# Watercooler Forum



## Nick (Apr 23, 2002)

Where/how can a list of 'Watercooler' members be found/created (and sorted)?


----------



## Laverne (Feb 17, 2005)

_The 'Shadow' knows...._

In the forum index and also the on subscription page, we are referred to as 'Club Members'. 

IFAIK, Chris is the only one who has the list.
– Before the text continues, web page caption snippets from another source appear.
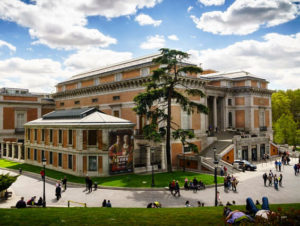 Un plan perfecto: 10 museos gratis en Madrid
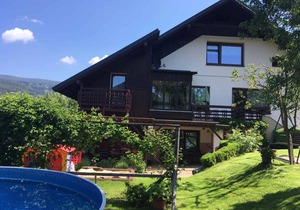 50 m² Apartment ∙ 2 bedrooms ∙ 7 guests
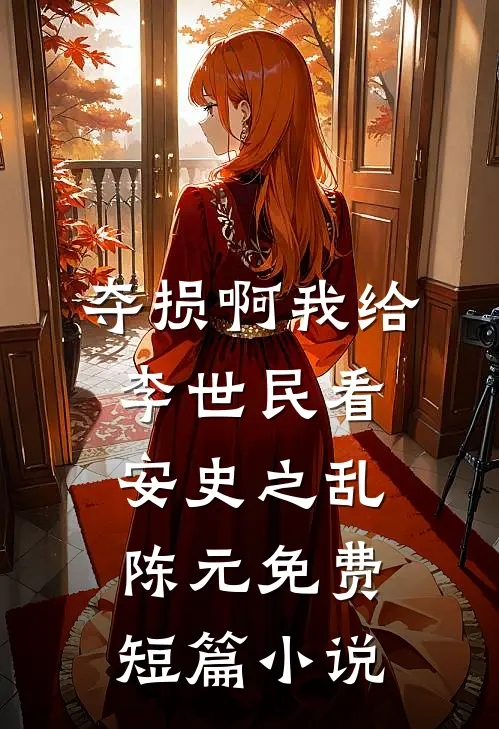 夺损啊我给李世民看安史之乱陈元免费短篇小说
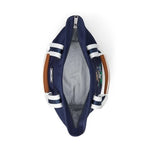 RLX Ralph Lauren Polo Bear Tote Golf Bag - Navy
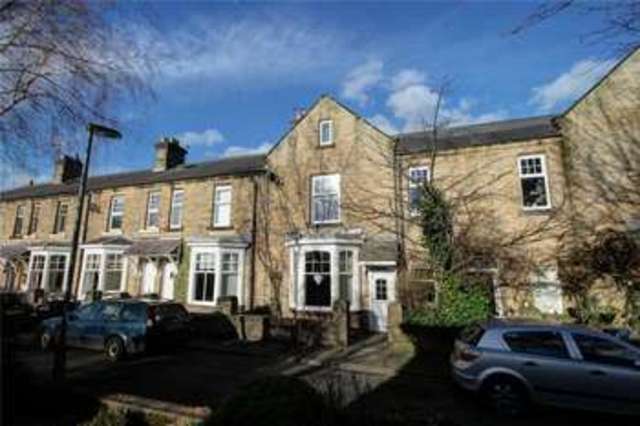  Image of 2 Bedroom Terraced  For Sale at Bishop Auckland Co. Durham Witton Park, DL14 7QT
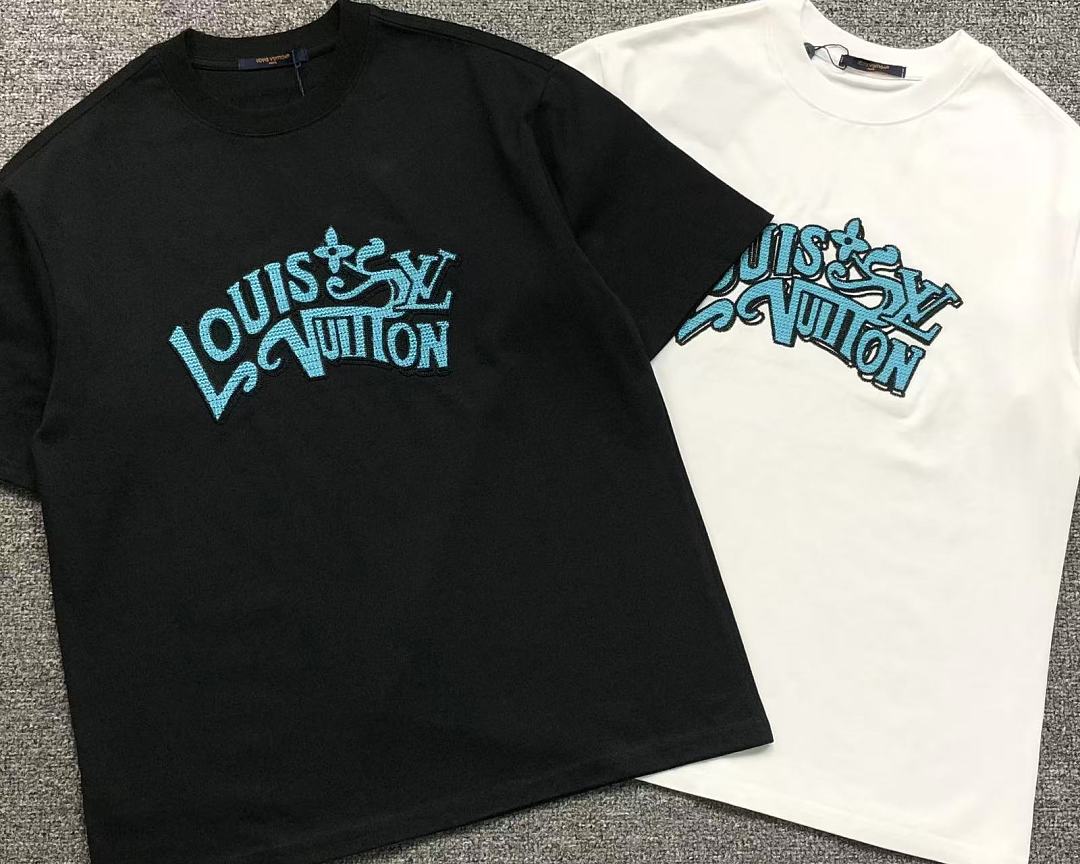 Louis Vuitton 158 L⭐ T-SHIRT 22042026125 (Im 170Cm 60Kg I Wear Size M In The Phot) - Image 6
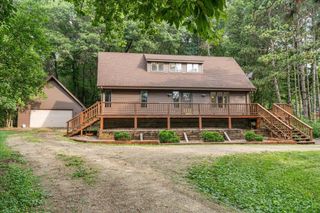 94 W Wood Ridge Drive, Troy Twp, WI 54022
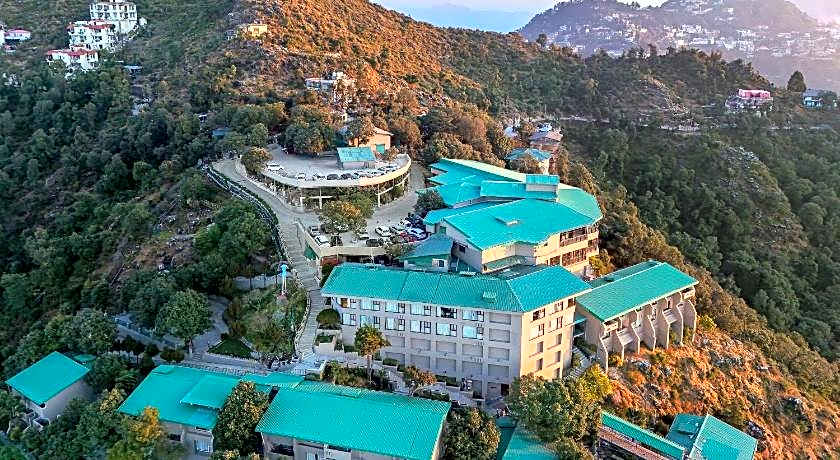 Sterling Mussoorie [Mussoorie]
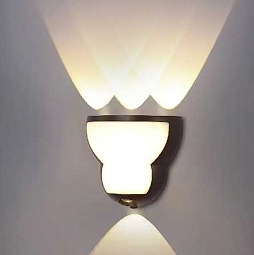 家庭氛围感装饰壁灯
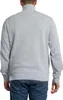 Lacoste Sweatshirt mit Reißverschluss, Grau XL Produktbild-Vorschau 3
He could tell you, but then he'd have to kill you. 

Personally, I don't see a need for the actual list to be made public, but then that's just my $.02. :grin:


----------



## Nick (Apr 23, 2002)

Laverne said:


> _The 'Shadow' knows...._


_"What evil lurks in the hearts of men...?"_



> Personally, I don't see a need for the actual list to be made public, but then that's just my $.02. :grin:


Of course I agree, but I was thinking it would be nice for it (a list) to be available in some form to club members...


----------



## Laverne (Feb 17, 2005)

Nick said:


> _"What evil lurks in the hearts of men...?"_


My dad used to always say: "What evil lurks in the heart of a city traffic engineer..?"
(And having several engineers in our midst, I thought you guys might find that amusing! )

But I digress.

:backtotop


----------



## Chris Blount (Jun 22, 2001)

To put it simply, there are some privacy issues that prevent us from publishing a list of club members. Sorry.


----------



## Nick (Apr 23, 2002)

Thanks, Chris. I'm taking this discussion to the watercooler...

http://www.dbstalk.com/showthread.php?t=56585

Thread can be closed.


----------